- BRIEF:
No picture should appear in the copy. Transcribe exactly, and only, the lines from the one with "this 250×188 image." through the last line of the data below.
◇ ◇ ◇
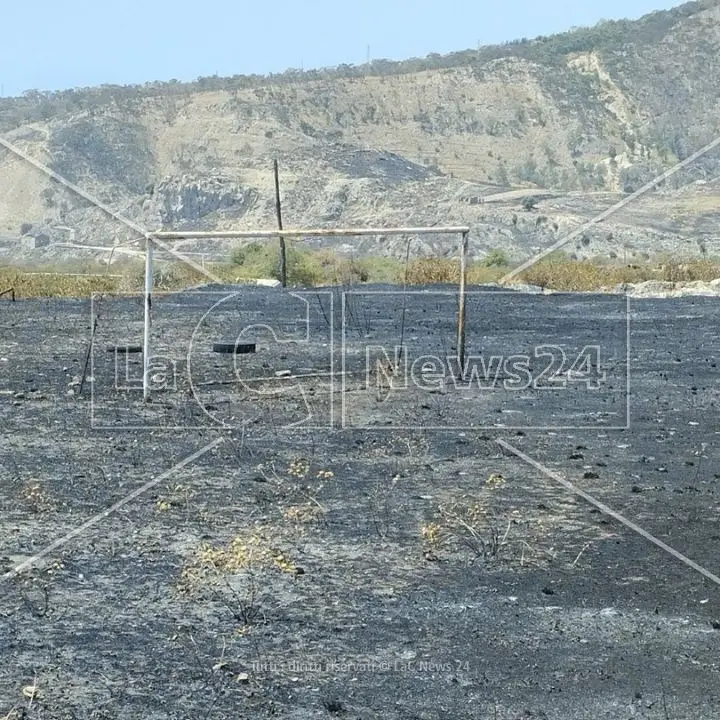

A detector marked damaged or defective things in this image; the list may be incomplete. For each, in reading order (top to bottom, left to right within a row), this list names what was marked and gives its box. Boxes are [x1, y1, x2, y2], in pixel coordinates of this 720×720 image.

fire-damaged terrain [1, 284, 720, 716]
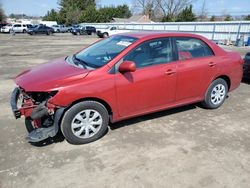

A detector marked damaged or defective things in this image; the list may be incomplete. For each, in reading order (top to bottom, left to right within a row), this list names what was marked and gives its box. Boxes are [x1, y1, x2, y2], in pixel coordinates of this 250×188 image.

crumpled hood [15, 57, 90, 91]
damaged front bumper [10, 88, 65, 142]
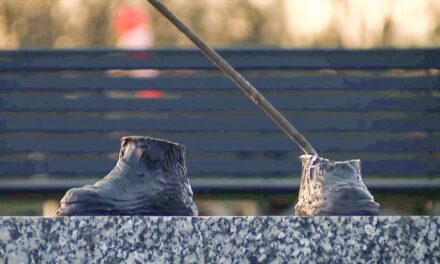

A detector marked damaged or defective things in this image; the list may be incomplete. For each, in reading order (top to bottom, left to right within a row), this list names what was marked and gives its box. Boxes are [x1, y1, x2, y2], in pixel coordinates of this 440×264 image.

rusted rod [147, 0, 316, 155]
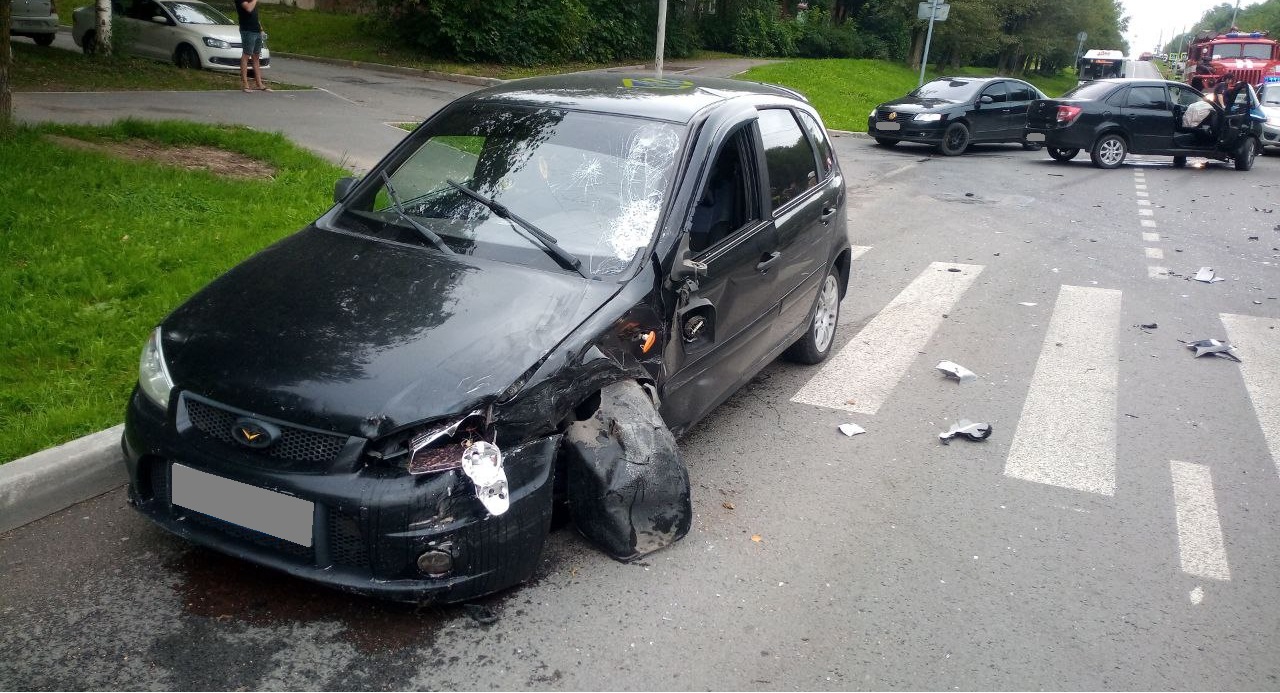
◇ ◇ ◇
- RESPONSE TO THIS TASK:
A detector marked damaged or defective things in this image; the list may be incomplete. For each, in reading order (top to bottom, left to right within a row), this list names what was marked and gives its box. Boxes are [x1, y1, x2, y2], in pixel coordinates of this 250×188 image.

crumpled hood [15, 57, 90, 91]
damaged front bumper [10, 88, 65, 142]

A detector marked damaged or defective things in this image; the list may be incomplete. For each, in reading order (top to bottom, left to right within a row), this list names what was marked and gives its box. Boxes are [x1, y1, x2, y2], in pixel coordinates of this 440×264 image.

rusted rod [147, 0, 316, 155]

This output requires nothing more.